Sometimes the librettist took the chorale verses and cut them into 2 halves: the alto aria (mvt. 2) of BWV 133 is based upon the 1st half of the second verse of the chorale text, the soprano aria (mvt. 4) is based upon the 1st half of the 3rd verse, with both of the remaining halves being used in the following recitatives.

Voigt:

The highpoint of this cantata is the very delightful soprano aria (mvt. 4.) It is worthwhile to perform this entire cantata simply to be able to perform this aria.

The introductory choral mvt. suffers because of the wide separation of the lines of the chorale caused by the long, intervening ritornelli. There is no way to shorten this mvt. Very charming is Bach’s treatment of the line “Ach, welch ein süßer Ton.”

The 1st aria (for alto, mvt. 2) is limited to the middle range. It would be best to stop at ms. [I don’t know specifically which measure he is referring to here], thus eliminating the final reprise of the ritornello.

Very attractive is the short recitative which forms a bridge to the wonderful soprano aria already referred to above, an aria with a deeply-felt ‘largo’ middle section. I imagine the repeated phrase “Mein Jesus ist geboren” to be performed very softly with the most tender accompaniment that is possible. It would be difficult to get by without performing the reprise, but a possible cut can be made from … to …. [again, not to be determined precisely.] Attention should be directed to the peculiar violin effects which involve switching between open and stopped strings. The trill marking in the main theme should probably be understood as a ‘Pralltrill.’ This marking is missing in a number of places in the autograph score.

Schweitzer:

In the 1st mvt. of the cantata, the scantily figured chorale is sung to a simple orchestral accompaniment, based on the naïve “joy” motif, consisting of continuous semiquaver passages, of this we have a typical specimen in the chorale prelude “Lobt Gott, ihr Christen, allzugleich.” This mode of expressing joy is frequently used in the Christmas chorale cantatas.

This chorus shows us the risks that the declamation has to run even in the simplest chorale figuration; in 2 places Bach phrases thus – (ms. 64-65 of the alto part) on “ach wie, ein süßer Ton.

Schweitzer comments on the separation of words by pauses: The two arias are very characteristic. The 1st begins with the cry “Getrost, getrost, getrost” (ms. 9-11.) In the 2nd aria for soprano (mvt. 4), Bach can not forbear making the violins illustrate the “ringing” at the words “klingt es in den Ohren.” (ms. 18-19; ms. 22-23.)

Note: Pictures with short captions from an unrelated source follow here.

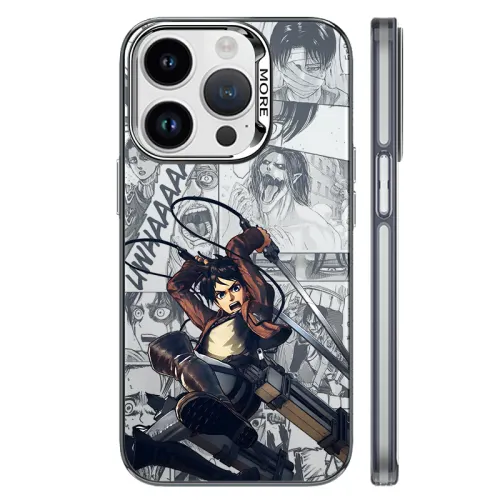 US 10 cents MSMF Attack on Titan electroplated frame laser coating mobile phone case Apple suitable for 15/14/13/12PLUS/PRO/MAX ABS+PC material cool heat dissipation printing all-inclusive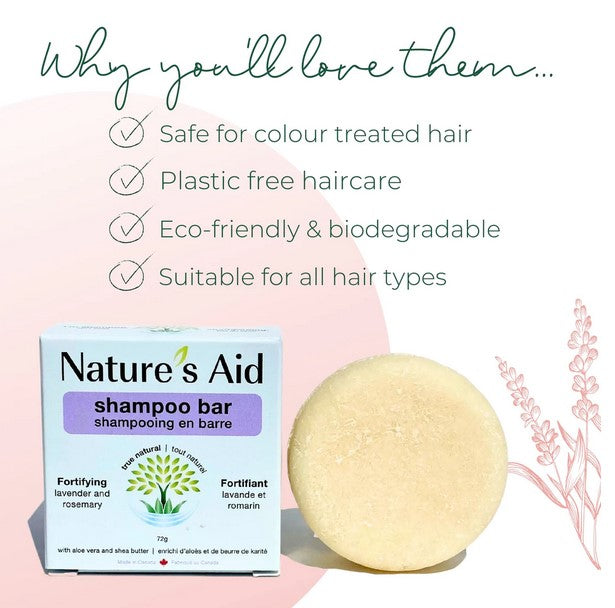 Nature's Aid Fortifying Shampoo Bar with lavender and rosemary – plastic-free, biodegradable, safe for colour-treated hair, Canadian-made eco-friendly hair care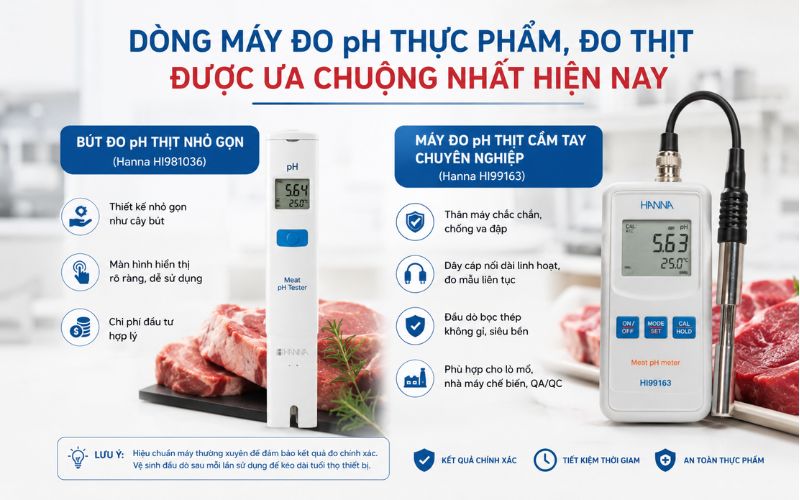 Dòng máy đo pH thực phẩm, đo thịt được ưa chuộng nhất hiện nay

This ‘ringing’ was later interpreted by Whittaker as the ‘tolling of a small bell.’

Bariolage’ is a special type of bowing involving the repetition of the same note by the alteration of 2 strings, one played open and the other stopped (‘bariolage’ may be played either slurred or unslurred)

Some instances of bariolage in Bach’s works can be found in:

BWV 1003 Sonata II for Solo Violin Fuga ms. 44, 46, 51, 53, 55, 59
BWV 1004 Partita II Ciaccona ms. 229-240
BWV 1006 Partita III Preludio E major ms. 13-15, 63-65, 76-77
BWV 1041 Violin Concerto 3rd mvt. ms. 105, 110
BWV 1047 2nd Brandenburg 1st mvt. Violino ms. 92-93
BWV 1049 4th Brandenburg 3rd mvt. Violino principale ms. 106-7 (E string) ms. 114-5 (A string)
BWV 1052 Harpsichord Concerto in D minor mvt. 1 (keyboard part) ms. 62-63 (A); ms. 70-71 (E) [Notice that the ‘bariolage’ still shifts from the open A string to the open E string as if this were still for a violin.] “The Concerto in D minor is now generally assumed to have been a very early concerto by Bach and almost certainly for violin.” John Butt in “Oxford Composer Companions: J.S.Bach [Boyd]”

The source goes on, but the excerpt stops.